There is not unanimous agreement within the industry that FINRA is the best home for investment advisor regulation.
It appears we are well on our way toward the decision whether FINRA will take over regulation of investment advisors that are not exclusively regulated by the states. Legislation to establish FINRA as the "self-regulatory" organization for federally regulated investment advisors is already under way, but there seems to be some disagreement whether investment advisors prefer FINRA regulation or the continued regulation by the SEC.
The Securities Exchange Act of 1934 provided that "self-regulatory" organizations, operating under SEC oversight, could be established to provide a form of self-regulation for broker-dealers that were in the securities business. Thus was formed the National Association of Securities Dealers that, for nearly 60 years, acted as a combination trade association and self-regulatory body for broker-dealers. Over the years, the NASD acted as "an association of business people" to bring ethics and discipline to the securities business. It also very effectively acted to forward the best interests of the securities business and its members. Throughout the nearly six decades of its existence, the NASD often initiated action to ensure that there was a "level playing field" among the various elements of the financial services industry so that broker-dealers and the financial products they sold were not disadvantaged against competing segments of the industry.
There comes to mind the active participation by the NASD in the mid-1950s to bring variable annuities under the regulatory control of the SEC. This resulted in the U.S. Supreme Court decision that variable annuities were investment company securities and not insurance products that were exempt from federal securities regulation. At all parts of the proceedings, the NASD was an active participant and believed that it was protecting its members from competition from a non-federally regulated product that had substantially similar features to the mutual funds that were sold by broker-dealers.

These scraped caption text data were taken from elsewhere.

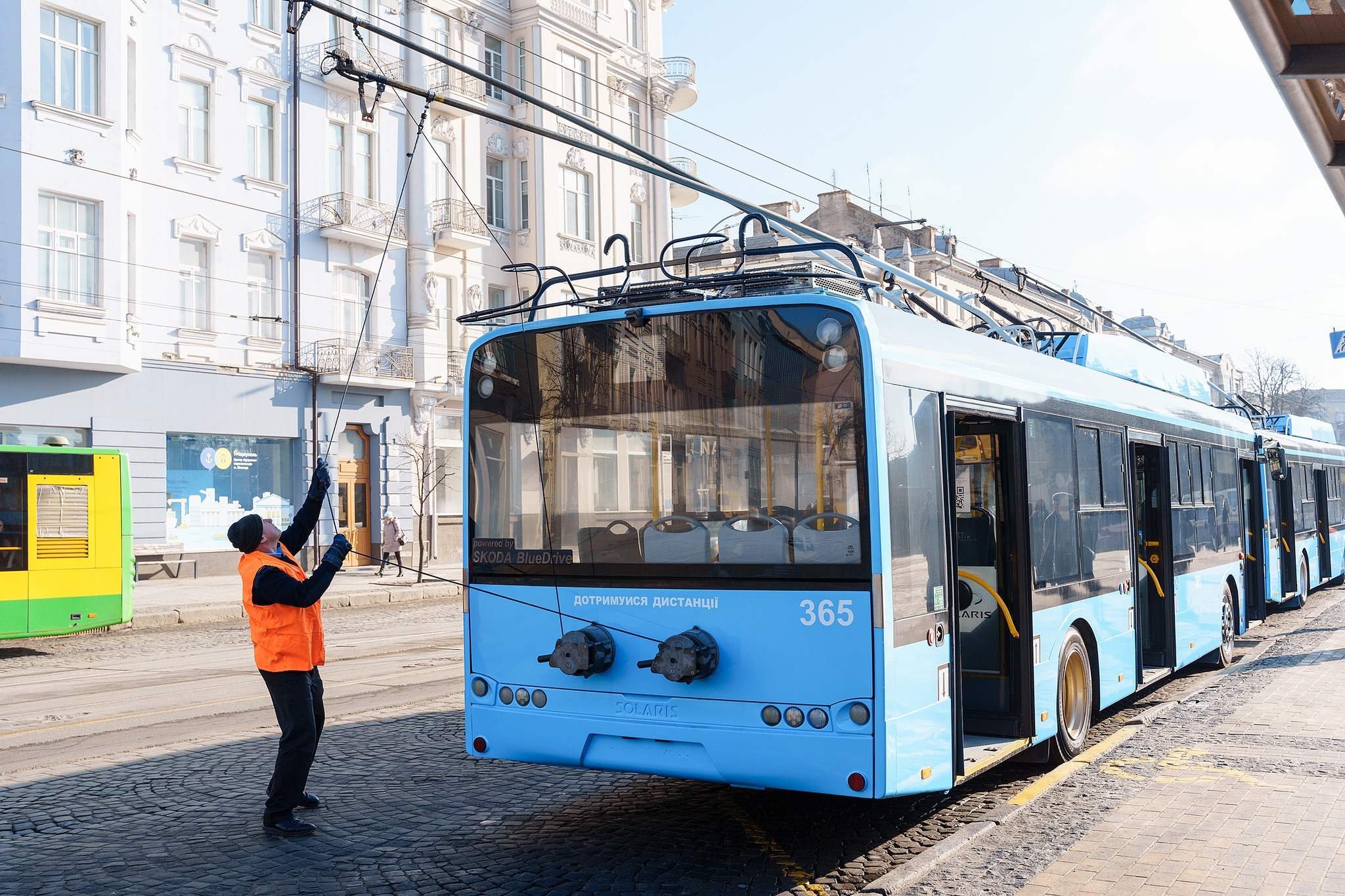 У Вінниці вийшли на маршрути десять тролейбусів Solaris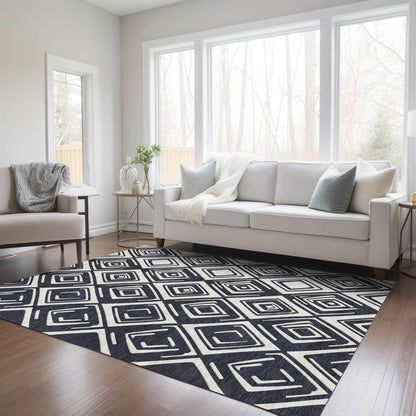 Chantille ACN862 Black 9' x 12' Rug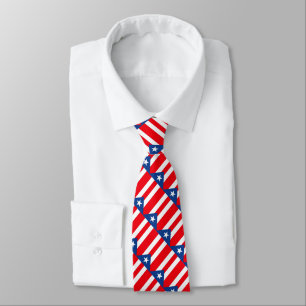 Cravate Drapeau de Porto Rico -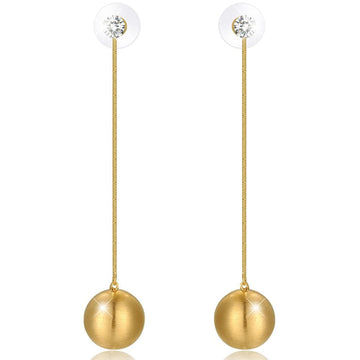 Golden Ball Earrings - Brilliant Co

As the years passed, the self-regulatory activities of the NASD became more comprehensive, and after the establishment of NASDAQ, it appeared that the self-regulatory functions of the association were divergent from the other NASD activities. The result was the changing of the name of the self-regulatory function to NASDR and eventually to FINRA. The selection of the name "Financial Institution Regulatory Authority" is significant in that it denotes a pure regulatory function. No longer does the association purport to be a trade group. Other entities have taken over the trade association functions for the securities industry. Although FINRA still has members and still maintains rules that date back to the trade association days of the NASD (for instance, the requirement that members do business only with other members), few other trade association activities remain. In essence, FINRA is a non-governmental regulatory authority that now seems possible to be the regulatory authority for an even broader segment of the financial services industry.

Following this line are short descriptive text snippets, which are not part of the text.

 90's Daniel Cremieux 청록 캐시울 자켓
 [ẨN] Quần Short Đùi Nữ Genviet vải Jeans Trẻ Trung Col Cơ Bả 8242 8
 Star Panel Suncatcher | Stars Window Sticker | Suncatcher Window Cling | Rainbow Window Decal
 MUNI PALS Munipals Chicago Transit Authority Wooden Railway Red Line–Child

Human beings like to move from the unknown to the known. Thus, it is likely that if FINRA is actually given regulatory jurisdiction over non-state-regulated investment advisors, the format will look a lot like the format currently used to regulate broker-dealers. Many of FINRA's existing rules lend themselves to both broker-dealers and to investment advisors. The judicial function currently in place for broker-dealer arbitrations can easily be adapted to the investment advisory business. The proposal to have FINRA assume jurisdiction over investment advisors seems to be based on the argument that FINRA's pre-existing infrastructures would make it less expensive to have FINRA take on the function than to beef up the investment advisor regulatory function at the SEC. This is particularly true when so many investment advisors already have broker-dealer divisions or affiliates.
There is not unanimous agreement within the industry that FINRA is the best home for investment advisor regulation. Some members of the industry have expressed a desire to continue the regulation of advisors by the SEC, rather than by FINRA. It is by no means certain what will be the end result. If the decision is to retain jurisdiction by the SEC, there will be a requirement for additional resources of the SEC to be able to take a more robust stance in the investment advisory regulatory structure. The Dodd/Frank financial reform legislation mandated a more robust regulatory framework for the element of the investment advisory business that is not regulated by the states. In order to comply with these requirements, the SEC would have to develop much of the infrastructure that is currently in place at FINRA.

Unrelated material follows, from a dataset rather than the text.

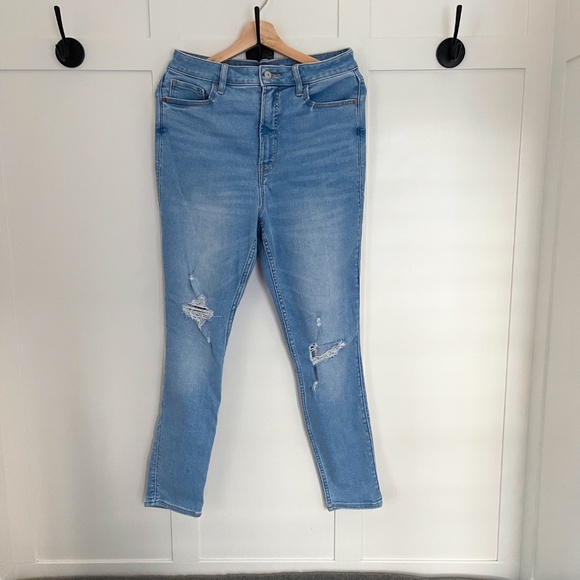 Old navy size 12 Higher high rise Rockstar Super Skinny, Jeans, Denim Pants - Picture 1 of 8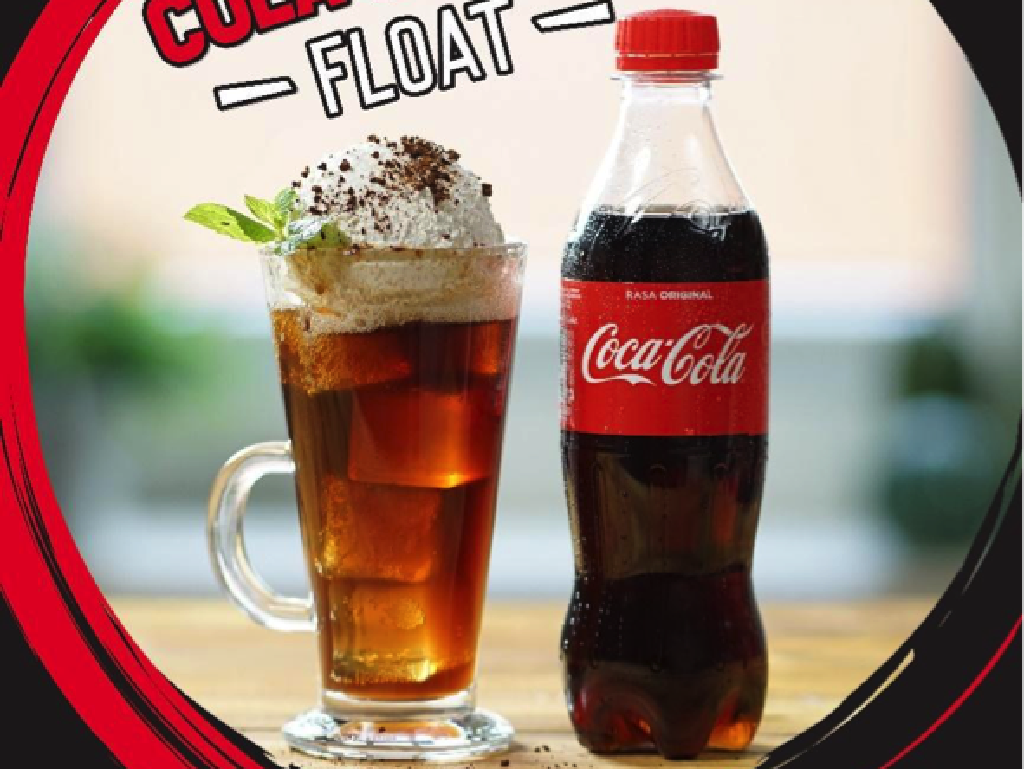 Resep Cola Coffee Float untuk Teman Nonton Film di Rumah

In either event, the cost for the new regulation will be passed on to investment advisors in the form of new and increased fees. It remains to be seen whether these costs will be higher or lower with whichever regulator ends up with the job. Politics being what they are in an election year, it is impossible to predict what the eventual result will be or even if there will actually be any resolution this year. Public statements have indicated there will be congressional hearings as early as this month, but it is impossible to predict when actual resolution takes place.